Scrutando negli occhi la realtà, Hopper riusciva a costruire sulla tela frammenti di storie. Dava forma a spezzoni di vita tutta da interpretare. Ed è proprio lì, in quei silenzi, in quei momenti narrativi mai portati a termine dall’artista nato a Nyack nel 1882, e morto a New York nel 1967, che si sono intrufolati alcuni tra i migliori scrittori americani. Per dare forma a un libro. Un progetto originale e bello come “Ombre”, l’antologia di racconti ispirati ai dipinti di Hopper. L’ha inventata Lawrence Block, l’hanno tradotta per Einaudi (pagg. 300, euro 18,50) Luca Briasco, Fabio Deotto e Letizia Sacchini.
«In America e nel mondo intero Hopper è senza dubbio un artista molto amato - spiega Block -. Ma ho scoperto che ad apprezzarlo in particolar modo sono i lettori, gli scrittori, e in generale chi subisce il fascino delle belle storie. Che ci piaccia crearle o ascoltarle, noi amanti delle storie siamo invariabilmente attratti dal lavoro di questo artista.
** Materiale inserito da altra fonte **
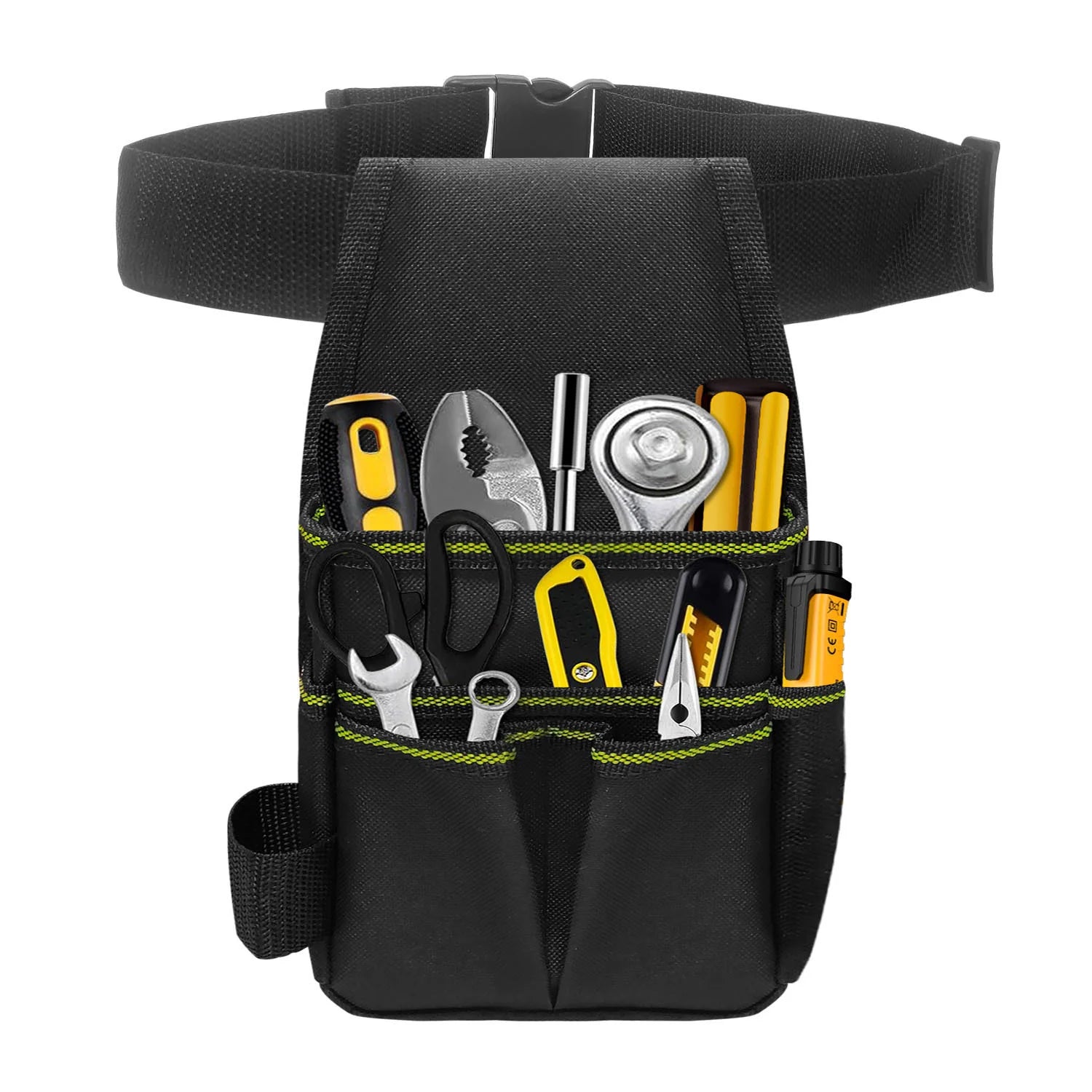 Deli Multi-Functional Tool Waist Pouch — Durable Oxford Cloth Organizer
E non perché i suoi quadri ne raccontino necessariamente una».
Proprio da lì, dalla libertà assoluta che Hopper lascia a chi guarda i suoi dipinti, sono partiti gli autori di queste storie. Joe R. Lansdale si è preso il quadro “New York Cinema” per costruirgli attorno il destino di un “Proiezionista”. Un giovane uomo che soltanto dentro la cabina di un cinema riesce a dimenticare la sua inettitudine a vivere. La sua incapacità di farsi amare da una donna. Quando, però, il proprietario della sala assume la bellissima Sally come maschera, allora lui si scopre pronto a superare le proprie inibizioni per proteggerla.
Stephen King, che ha regalato ai suoi lettori memorabili brividi di carta, ragionando attorno a “Room in New York” è riuscito a costruire un racconto dal raggelante umorismo. Dove due coniugi, per sbarcare il lunario, attirano nella propria casa, e poi chiudono fino alla morte dentro un armadio insonorizzato, poveri malcapitati che hanno la sola colpa di possedere un bel po’ di soldi. Richiamando alla memoria le deliziose e terrificanti vecchiette di “Arsenico e vecchi merletti”, intramontabile film di Frank Capra con Cary Grant.
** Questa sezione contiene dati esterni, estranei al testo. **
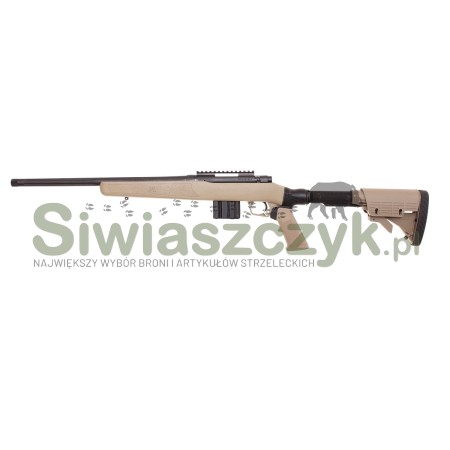 Sztucer MOSSBERG MVP Flex kal.223Rem/5,56mmNATO (27977)-101662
Chi ricorda “Eleven A.M.”. il quadro dipinto da Hopper nel 1926, conserverà ancora dentro sé quell’inquietudine che emana la ragazza nuda seduta su una poltrona blu elettrico davanti a una finestra. Joyce Carol Oates, da anni candidata al Premio Nobel per la letteratura, immagina che quella giovane donna stia aspettando il suo maturo amante. E che ripercorra con rabbia e delusione i passaggi più importanti di quell’avventura, che l’ha portata sì a vivere in un appartamentino niente male. Ma l’ha trasformata, al tempo stesso, nella bambola di carne di un uomo totalmente privo di sensibilità.
Nelle “Night windows” si riflettono, invece, i turpi desideri di un uomo che spia le ragazze del palazzo accanto, come nella “Finestra sul cortile” di Alfred Hitchcock. Ma questa volta il guardone non ha le stesse buone intenzioni di James Stewart. Anzi, la sua tattica è quella di scoprire tutti i segreti delle donne che vivono lì a un passo, per poi agganciarle, sedurle con un minimo di gentilezza e trasformarle nelle proprie vittime. Jonathan Santlofer costruisce il racconto “Finestre di notte” riservando ai lettori una sorpresa elettrizzante. E del tutto fuori rotta.
A chiudere il libro è, senza dubbio, il quadro più misterioso nella produzione di Hopper. Quell’«Automat», dipinto nel 1927, dove una giovane donna vestita con una certa eleganza sta seduta al centro di una tavola calda, con il fondale sfuggente di una New York notturna alle spalle. Aspettando non si sa chi o che cosa. Ci pensa Lawrence Block a confezionarle attorno un racconto dal finale esilarante e geniale.
Merita una citazione, ancora, “Soir bleu”. Dove Robert O.Butler immagina la possibile storia dell’onirico e tenebroso clown dipinto da Hopper nel 1924. Quando ancora erano in pochi a osannarlo come pittore.